A sample weekly workshop schedule

__Assessment__

The workshop structure is driven by assessment—formative and summative. Each unit of study begins with a pre-assessment that is similar to the formal summative assessment. Students analyze their performance on the pretest, then use it to determine their needs throughout the unit. For example, a student may be able to multiply negative numbers with help from another student, but needs a workshop to understand how to subtract. Another student might need teacher-led workshops for both concepts.

Daily formative assessment determines gaps in understanding, and allow teachers to offer feedback.

__Quick 10__

The quick 10 is a set of problems to complete at the beginning of each class. I use a combination of random number multiplication tables and problems from Minute Math. These are relatively easy, but help students remember important ideas and vocabulary.

__Workshops__

Workshops are teacher-led. They are short—about 25 minutes, and they are targeted toward the needs of a small group.

__Consolidation__

Consolidation consists of activities in which the students practice relevant skills. Students mostly work independently during this time. Before I started teaching workshop, consolidation came in the form of homework assignments. Under the workshop structure, there is no homework. Students are expected to complete the work in class where they have time, space, and support to practice the new material.

__Rally Coaching__

In rally coaching, students work in pairs to practice mathematical processes and concepts. Students usually choose their own partners, but are encouraged to select a partner that will both support and challenge them.

__Reflection__

During the last five minutes of each class period, students write a reflection. They record any new learning, struggles, or thoughts from the day’s work. I collect their notebooks every day, read the reflections, and give feedback.

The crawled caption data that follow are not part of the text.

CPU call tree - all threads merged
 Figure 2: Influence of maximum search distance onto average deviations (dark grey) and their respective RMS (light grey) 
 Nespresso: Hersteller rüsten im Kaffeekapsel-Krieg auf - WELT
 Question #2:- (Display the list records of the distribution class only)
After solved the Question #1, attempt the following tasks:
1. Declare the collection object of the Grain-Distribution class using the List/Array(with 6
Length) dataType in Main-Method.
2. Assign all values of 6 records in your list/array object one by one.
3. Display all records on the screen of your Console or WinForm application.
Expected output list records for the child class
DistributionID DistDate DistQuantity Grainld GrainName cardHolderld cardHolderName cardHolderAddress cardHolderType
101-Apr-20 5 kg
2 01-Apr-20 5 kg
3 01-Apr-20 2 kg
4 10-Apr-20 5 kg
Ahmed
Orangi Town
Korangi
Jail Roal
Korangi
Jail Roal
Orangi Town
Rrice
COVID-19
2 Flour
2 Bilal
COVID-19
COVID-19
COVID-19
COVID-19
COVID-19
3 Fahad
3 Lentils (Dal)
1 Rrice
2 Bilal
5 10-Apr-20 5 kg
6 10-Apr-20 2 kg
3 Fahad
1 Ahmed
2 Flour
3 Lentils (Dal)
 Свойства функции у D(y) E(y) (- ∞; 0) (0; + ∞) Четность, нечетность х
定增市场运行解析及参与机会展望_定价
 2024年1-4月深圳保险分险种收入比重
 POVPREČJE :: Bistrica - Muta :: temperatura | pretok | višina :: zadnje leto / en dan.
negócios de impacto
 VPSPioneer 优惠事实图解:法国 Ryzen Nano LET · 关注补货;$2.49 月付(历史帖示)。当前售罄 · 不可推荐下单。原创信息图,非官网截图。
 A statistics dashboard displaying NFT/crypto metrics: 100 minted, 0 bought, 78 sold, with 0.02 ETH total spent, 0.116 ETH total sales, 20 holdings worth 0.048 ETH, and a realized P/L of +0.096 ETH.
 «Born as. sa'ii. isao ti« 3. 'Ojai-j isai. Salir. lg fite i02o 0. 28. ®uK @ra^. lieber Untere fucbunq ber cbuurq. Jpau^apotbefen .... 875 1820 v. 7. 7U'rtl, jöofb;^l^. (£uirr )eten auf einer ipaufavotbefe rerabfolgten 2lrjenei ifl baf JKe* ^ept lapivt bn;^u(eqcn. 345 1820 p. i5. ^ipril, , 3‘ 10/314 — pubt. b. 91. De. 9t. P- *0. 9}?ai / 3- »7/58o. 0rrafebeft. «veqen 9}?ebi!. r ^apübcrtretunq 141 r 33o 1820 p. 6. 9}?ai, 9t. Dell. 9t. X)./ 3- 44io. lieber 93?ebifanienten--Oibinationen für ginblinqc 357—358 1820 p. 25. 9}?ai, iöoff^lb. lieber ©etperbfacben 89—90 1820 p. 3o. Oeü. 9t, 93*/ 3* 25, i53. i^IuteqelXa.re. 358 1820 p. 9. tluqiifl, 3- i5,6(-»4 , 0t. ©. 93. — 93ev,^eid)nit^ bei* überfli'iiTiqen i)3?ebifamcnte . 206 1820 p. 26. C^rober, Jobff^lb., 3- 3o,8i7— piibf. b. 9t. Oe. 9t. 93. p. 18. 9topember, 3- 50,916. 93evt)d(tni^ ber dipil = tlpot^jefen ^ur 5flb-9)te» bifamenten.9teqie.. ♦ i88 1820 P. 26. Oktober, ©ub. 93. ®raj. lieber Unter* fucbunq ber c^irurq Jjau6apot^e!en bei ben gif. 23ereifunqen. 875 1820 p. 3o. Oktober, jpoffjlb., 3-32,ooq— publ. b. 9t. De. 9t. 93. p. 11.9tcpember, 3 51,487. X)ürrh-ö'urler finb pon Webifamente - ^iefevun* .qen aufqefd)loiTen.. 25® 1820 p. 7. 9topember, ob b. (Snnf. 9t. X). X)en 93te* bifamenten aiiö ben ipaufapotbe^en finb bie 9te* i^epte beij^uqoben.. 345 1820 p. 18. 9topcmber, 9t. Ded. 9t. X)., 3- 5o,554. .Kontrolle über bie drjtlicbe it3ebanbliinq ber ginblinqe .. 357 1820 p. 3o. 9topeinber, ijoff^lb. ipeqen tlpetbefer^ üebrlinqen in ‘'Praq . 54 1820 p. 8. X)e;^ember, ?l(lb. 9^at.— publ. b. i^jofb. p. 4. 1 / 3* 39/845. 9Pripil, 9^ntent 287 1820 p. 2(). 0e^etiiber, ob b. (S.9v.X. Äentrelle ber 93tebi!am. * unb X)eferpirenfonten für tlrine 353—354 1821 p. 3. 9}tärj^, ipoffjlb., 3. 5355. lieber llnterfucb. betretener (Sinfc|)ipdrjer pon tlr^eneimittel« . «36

There are certainly challenges with math workshop. Creating and adhering to a schedule is not my strong suit. Additionally, I have frequent conversations with my seventh graders about how to manage time, work independently, and make good choices. Still, the students are responding well to their new autonomy and responsibility. They are logging more practice time than ever before, and can explain processes and concepts to their peers. I can differentiate more effectively and work more closely with individuals. Students remain engaged throughout tour 90-minute periods. Under this structure, they are social and active, yet productive.